Sebenarnya pemerintah punya instrumen untuk mencermati tender minyak mentah dan BBM di Integrated Supply Chain (ISC) Pertamina, sehingga dapat melihat bahwa supply chain dalam tender ISC sekarang ini menjadi sangat singkat dan tidak sepanjang ketika tender minyak mentah dan BBM di handling oleh Petral.
Pada saat tender di Petral, supply chain-nya adalah; Trader/MOC – Calo 1 – Calo 2 – NOC – Petral – ISC Pertamina, di mana trader adalah trading house, MOC adalah Major Oil Company, Calo 1 dan Calo 2 merupakan trading company milik orang Indonesia berbadan hukum di Singapura.

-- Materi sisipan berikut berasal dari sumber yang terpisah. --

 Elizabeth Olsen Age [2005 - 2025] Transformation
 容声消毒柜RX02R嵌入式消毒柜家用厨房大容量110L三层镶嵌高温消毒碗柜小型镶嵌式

Sedangkan NOC adalah National Oil Company, Pertamina Energy Trading Limited (Petral)/ Pertamina Energy Services Pte Ltd (PES) adalah anak atau cucu Pertamina dan ISC adalah unit pengadaan crude dan BBM di Pertamina.
Panjangnya supply chain tersebut terkonfirmasi juga berdasarkan laporan lembaga audit asal Australia, Kordha Mentha, pada 2015
Lembaga itu melansir di mana akibat panjangnya supply chain tersebut menjadi bukti adanya mark up pengadaan crude dan BBM yang nilainya antara USD 1 hingga USD 2, yang kemudian menjadi alasan bagi pemerintah untuk membekukan Petral,
Kordha Mentha ditunjuk Pertamina untuk melakukan audit investigasi kepada Petral.
Setelah Petral dibekukan, Pertamina dengan serius bebenah diri sehingga supply chain sangat singkat yakni; Trader – MOC – NOC – ISC Pertamina, dan tidak ada lagi calo terlibat.
Bahkan NOC juga tidak lagi menjadi perantara melainkan peserta tender seperti trader dan MOC, artinya bahwa mark up sudah bisa di eleminir dan akan sangat sulit melakukan mark up lagi, apalagi proses tendernya akuntabel.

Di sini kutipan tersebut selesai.